Sidartha Sarki, whose family is from Bhutan, said coming to the U.S. has required a lot of adjustments.
“The culture and just getting the references when people make jokes,” she said.
Scouting helped her brother and his friends adjust and make new friends.
“The guys they just seemed to have a lot of fun and they always go camping,” Sarki said.
Now, it’s the girls’ turn.
“It’s fun, it’s more adventurous than our girls’ get-together,” said Sarki’s cousin, Dilisha Sarki.
This troop is part of the Utah Refugee Scout Program, chaired by Michael Nebeker.
“We have tried our best to expose them to everything they had not had the chance to participate in the refugee camps,” Nebeker said.
Scout leader Saborn Va knows firsthand what it’s like to live in refugee camps.
“I came from Cambodia as a refugee to the United States,” he said.
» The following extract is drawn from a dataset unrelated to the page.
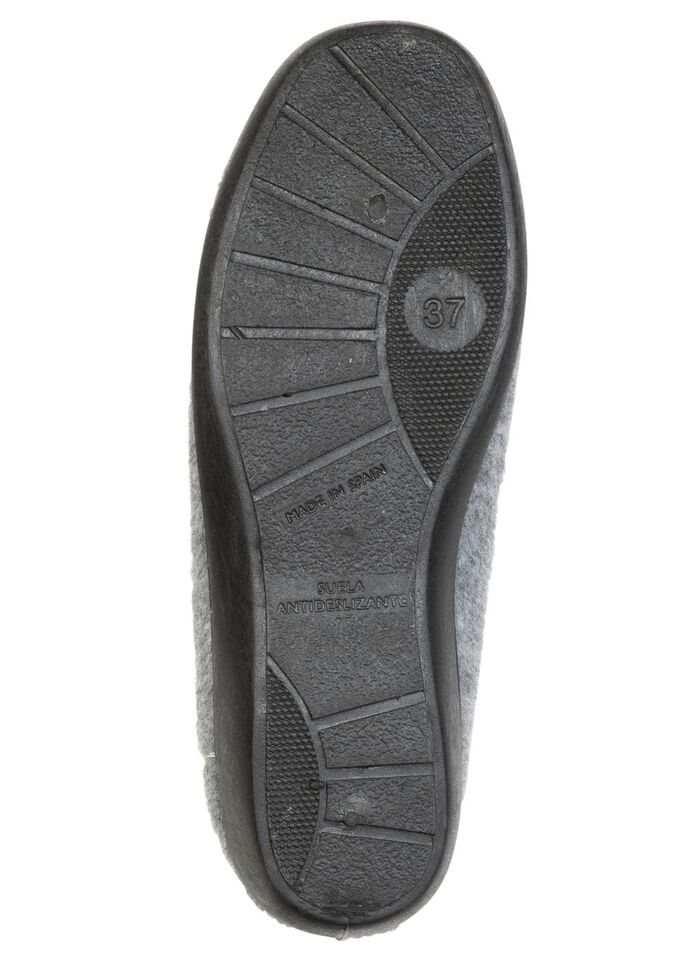 Klassieke damespantoffels, met elastische band GRIJS-MARINEBLAUW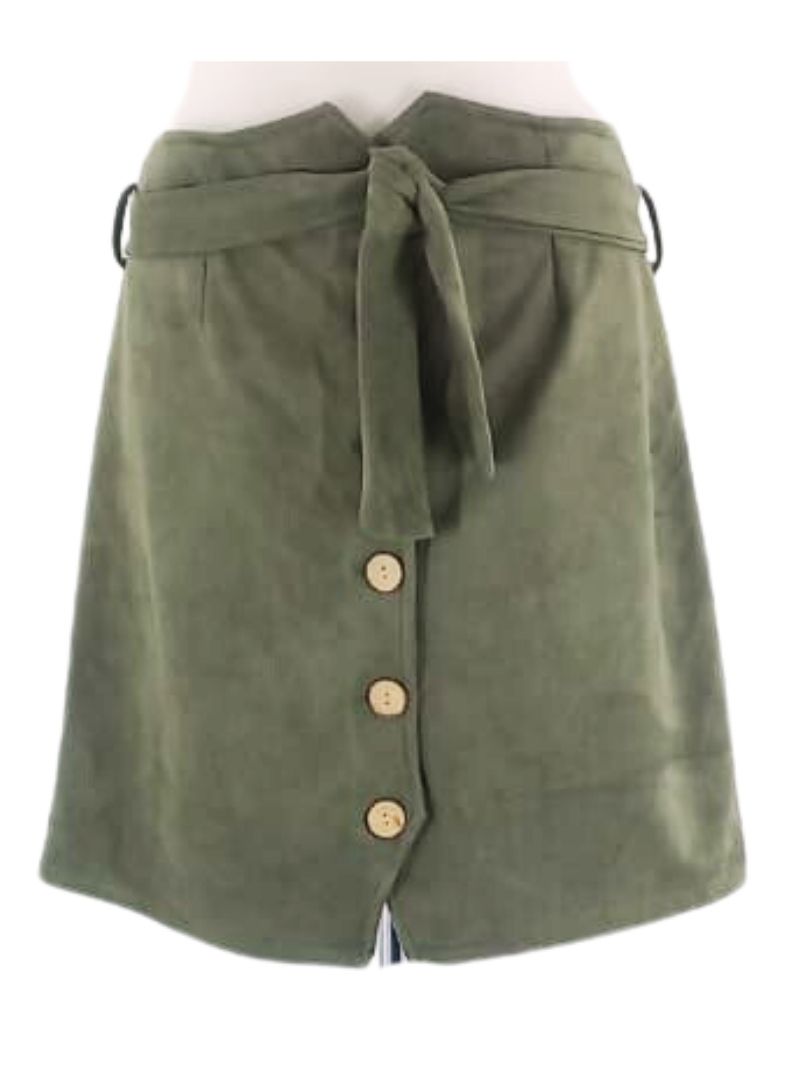 SUEDE DETAILED BUTTONED SKIRT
His family narrowly escaped the Killing Fields. Many of their relatives did not.
“My mom with a pregnant belly, carrying me…(she) started running and I know she was just dodging bullets as she was running,” Va said.
After years in refugee camps, Va’s family eventually made it to the U.S. and eventually settled in Lowell, Massachusetts. That’s where he joined the Scouts.
“Scouting was very different than the community I was in,” he said. “You know, I lived in the projects most of my life. In the Ghetto.”
Va credited his Scout Master as having one of the biggest influences in his life.
“So seeing how impactful he’s been on me has been an inspiration for me to do the same thing for other kids with the same background as me,” Va said.
He led a troop of the refugee boy scouts before he began volunteering with these girls and expects the same success.
“These girls have so much potential. I’m excited,” he said.